There are two classifications of certified applicators: private and commercial. To become certified in North Carolina, applicators must score 70 percent or higher on the appropriate closed-book, multiple-choice exam or exams.

The North Carolina Pesticide Law of 1971 further requires licensing of any individual who is compensated to apply any pesticide (whether restricted-use or general-use) to someone else’s property, any public operator and any golf course operator. Pest control consultants and dealers who sell restricted-use pesticides also must be licensed.

Cooperative Extension conducts two-day pesticide schools to prepare prospective applicators for the private and commercial applicator certification exams.

Armyworms destroyed a portion of Clark Mastin’s corn crop this year.

Future of Pesticide Use

Julia Kornegay, a professor of horticultural science at North Carolina State University, says that improving the sustainability of agriculture not only in this state, but throughout the U.S., requires broad, transformational shifts in market structure, policy incentives and the type and availability of scientific knowledge.

Kornegay describes agriculture as at a crossroads.

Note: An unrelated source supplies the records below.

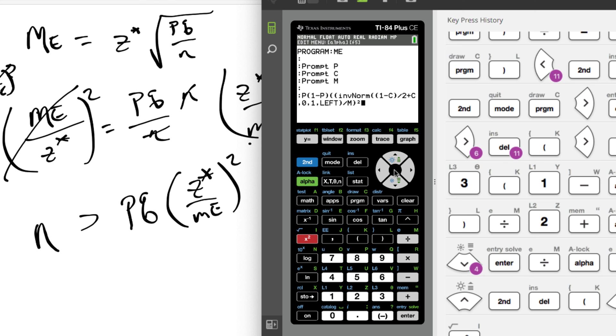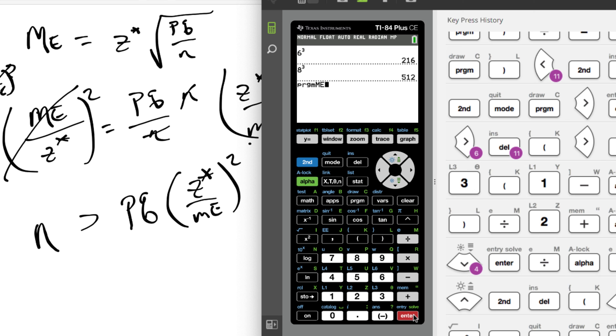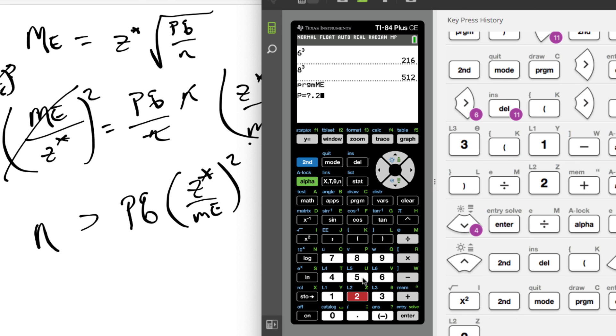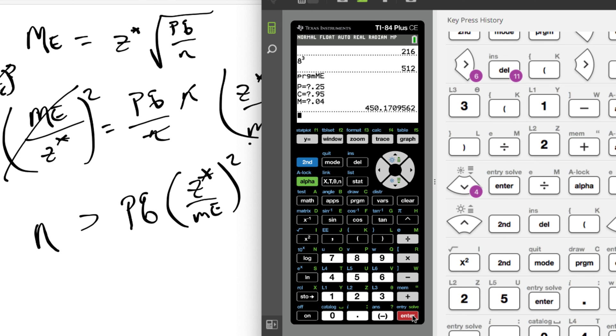So let's run it. We will try our program here. We're gonna quit. We go to program. We're gonna execute ME. So that doesn't sound good, execute me. So probability or the proportion here, let's do 0.25 for fun. Confidence level, we'll do 0.95. And then the margin of error, 0.04. And we'll see what happens. All right, and it tells us the sample size we need. So there you go, that's how you do that program. If nothing else, you can copy the program down and then get a buddy to help you out.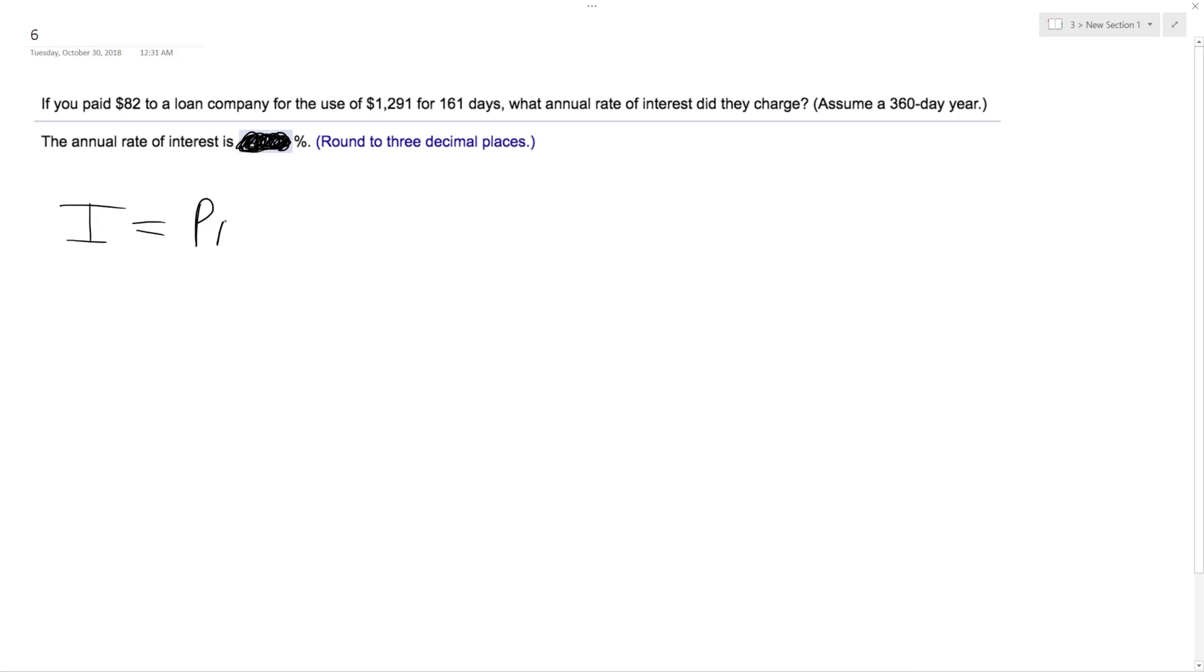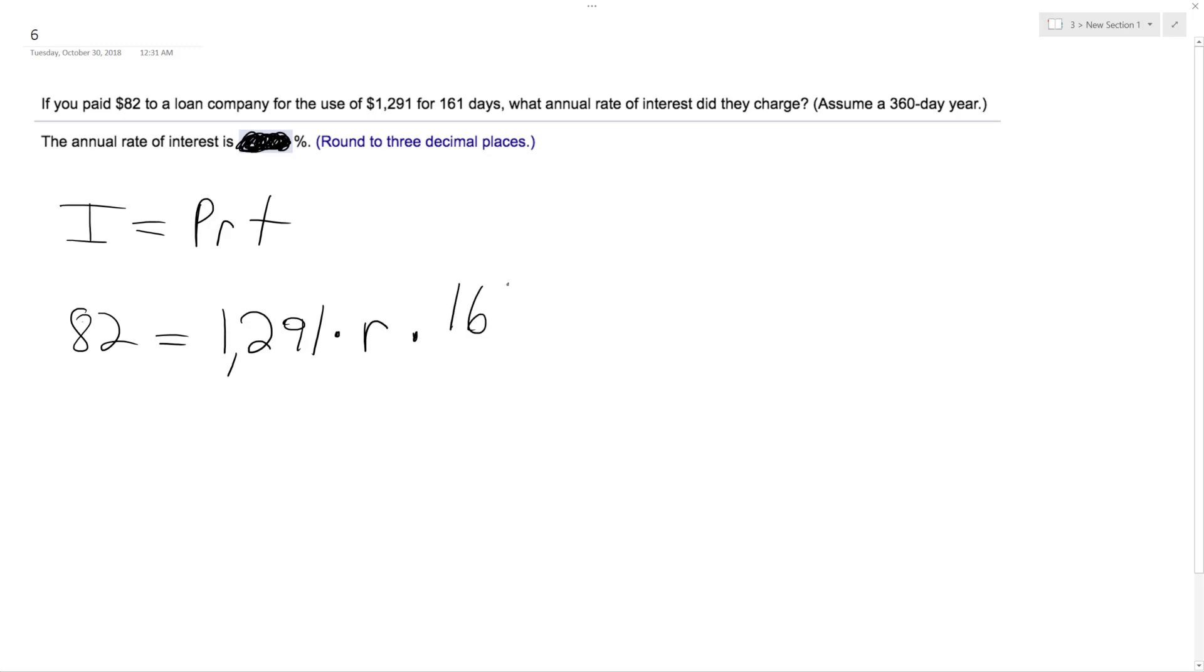Our interest was $82, and our principal is $1,291. Our rate is actually what we don't know. And then time is 161, and they say 360 day year up here, so over 360.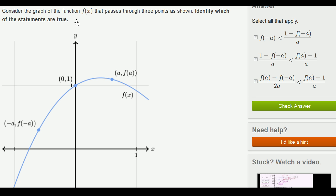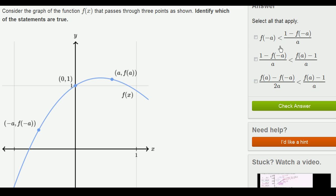Consider the graph of the function f of x that passes through three points as shown. These are the three points, and this curve in blue is f of x. Identify which of the statements are true — they give us these statements.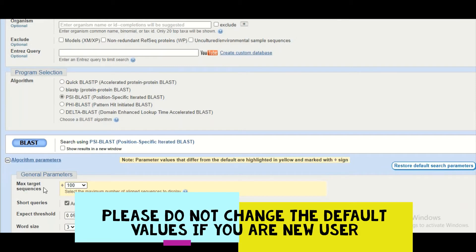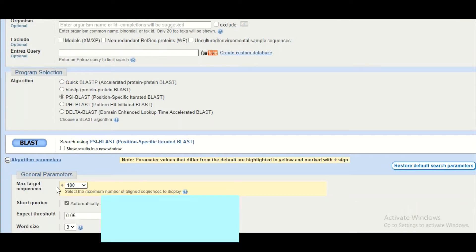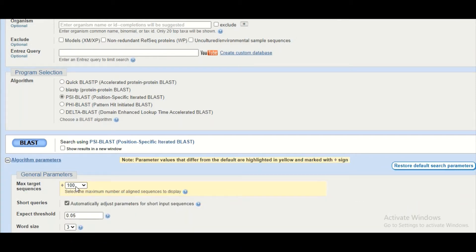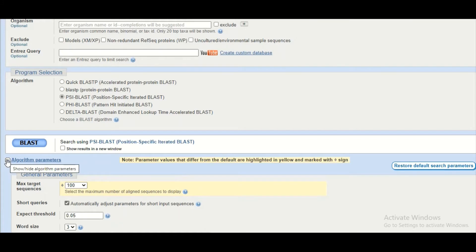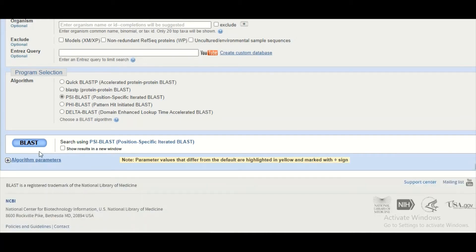Right now for this tutorial we have changed the maximum target sequences from 500 to 100 to complete our search quickly, but we will not recommend you to change the default algorithm parameters otherwise it will disturb your results. Then we simply click on this BLAST button.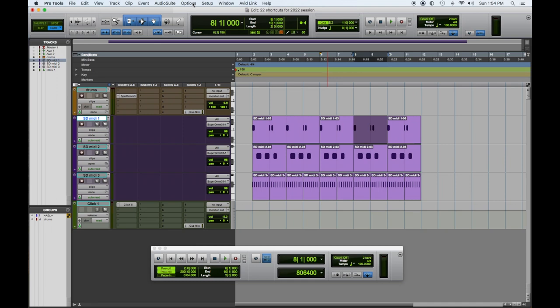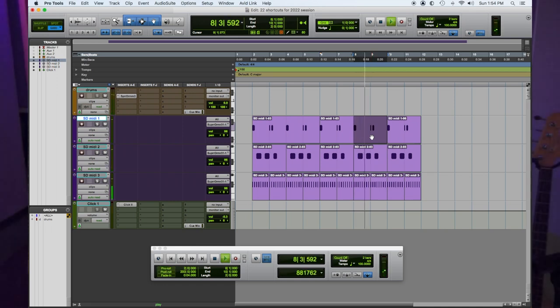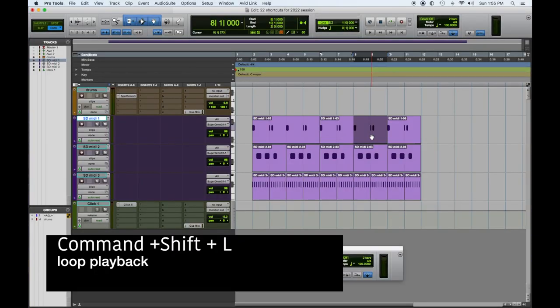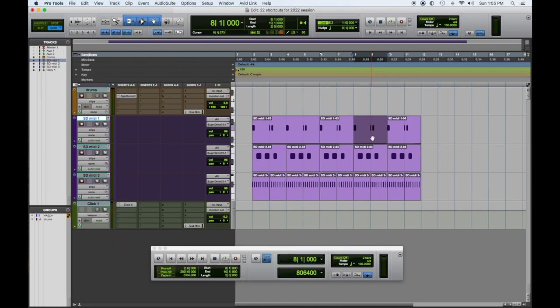Let's say we only want to listen to one specific area. If you hit play with no pre-roll or post-roll, it's going to play and stop. So hypothetically, you're working out an idea and want to loop a part — Shift+Command+L. You can see it turning on and off up here. That activates loop playback, and the section you have highlighted will loop indefinitely. Hit stop to end it.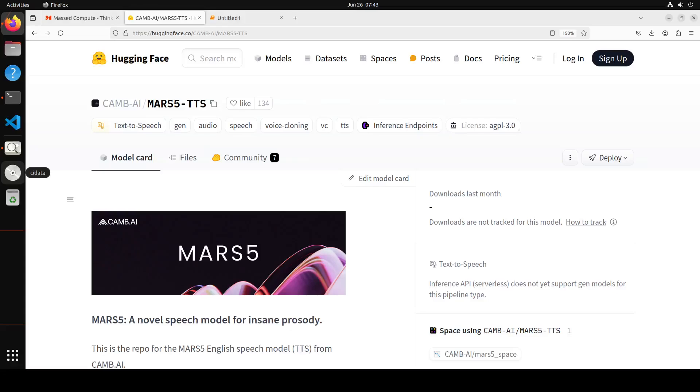With just five seconds of audio and a snippet of text, this model MARS-5 can generate speech even for prosodically hard and diverse scenarios such as sports commentary, anime, and much more.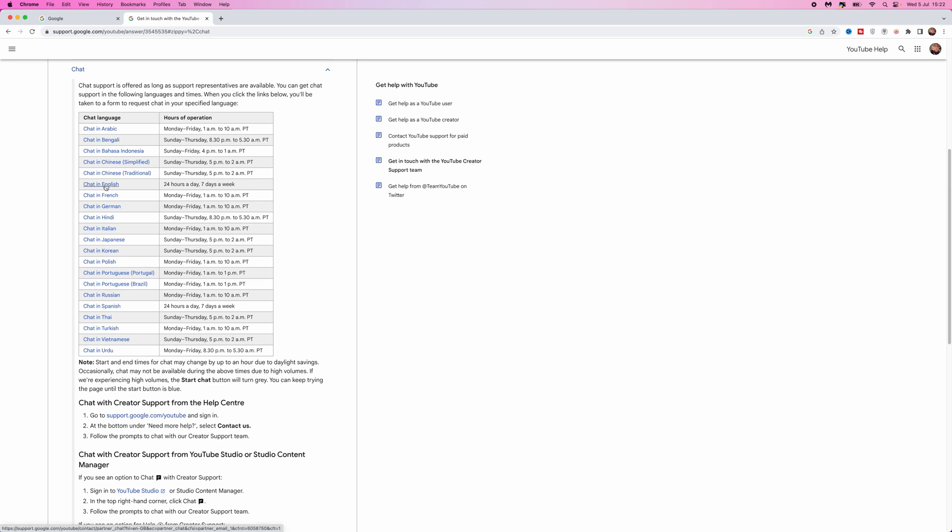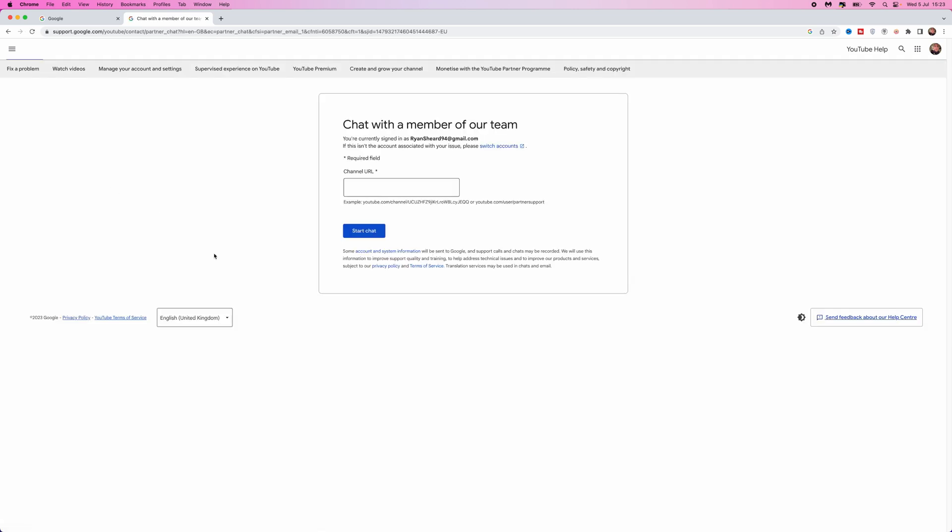click on chat in English, and as you will notice it's open 24 hours a day, 7 days a week for the UK. What we need to do now is just simply click on the country, and then you need to enter in your channel URL.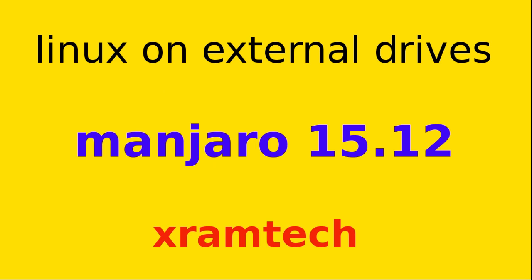In this video I'm going to install Manjaro 15.12 on an external drive using actual hardware. In this case I used a USB flash drive for the installation and it worked perfectly. See my general video on using Linux on external drives for more information.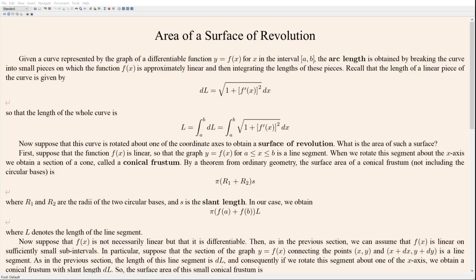Let's finish up our discussion of using definite integrals to construct geometric quantities. So far we have seen how definite integrals can be used to find the area of a planar region, we have used them to construct the volumes of solids of revolution, and most recently we have used them to find the length of a curve. The final topic we're going to cover is finding the area of a surface.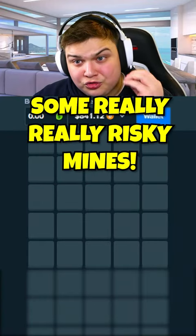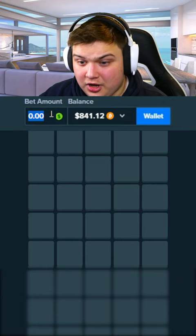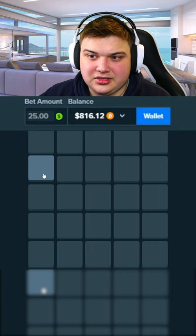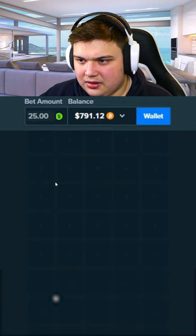Okay boys, we're going to be doing some really risky Mines. We're going to have 10 mines on this board. We're going to go 25. Basically I'm just going to try to click three tiles and hopefully not hit a mine. Come on, okay let's do that again. Okay one more, come on.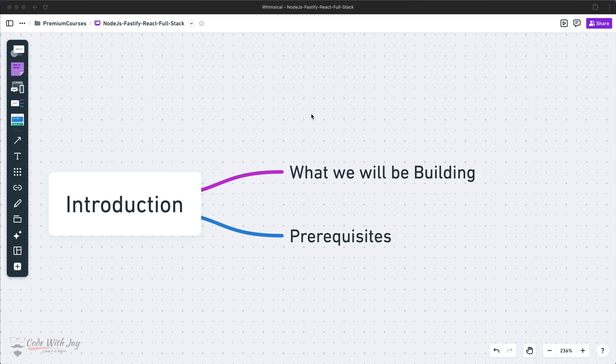Hey there, welcome to this lecture. In the previous lecture, we have seen what we'll be going to build for this whole course — one full-stack departmental store online application. In this lecture, we'll be going to discuss about the prerequisites and the outlines of the whole course.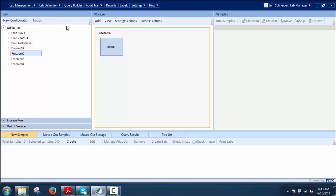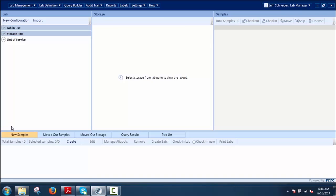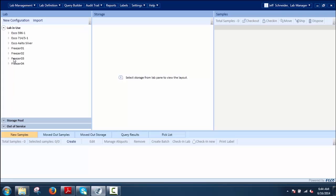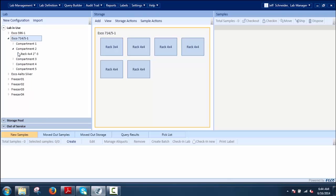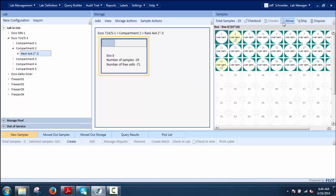Under Storages and Samples, it displays all storages in the lab and samples within those storages. It gives a view of all storages which are in use, in inventory, and out of service. This is where the user can create new samples and perform operations on them. The user can perform actions on the sample of interest conveniently as the samples will be visible for the selected storage.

“Farms must provide abundant and affordable food, feed, fiber and fuel, yet their economic viability is threatened by numerous factors, including but not limited to dwindling resources, climate change and market volatility,” Kornegay says.

“With the multiple constraints we face, we can’t rely solely on incremental changes to existing farming systems to improve the sustainability and productivity of U.S. agriculture,” she adds. “To increase agriculture resilience and productivity with less water, fertilizer and pesticides, we need to look at agriculture as an agroecosystem at both the farm and landscape level, and maximize the use of natural resources like soil fertility and organic matter to provide better water-holding capacity, nutrients, and disease management.”

Kornegay recently compiled a report for the National Academy of Sciences and the National Research Council that took a comprehensive look at the challenges faced by U.S. agriculture—including population growth, water and land scarcities, cost of energy and fertilizers, and other factors.

“Our study looked at a number of farms across the U.S. that have successfully implemented a wide variety of sustainable farming practices. In fact, much of the innovation in sustainable agriculture systems is coming from farmers,” Kornegay says.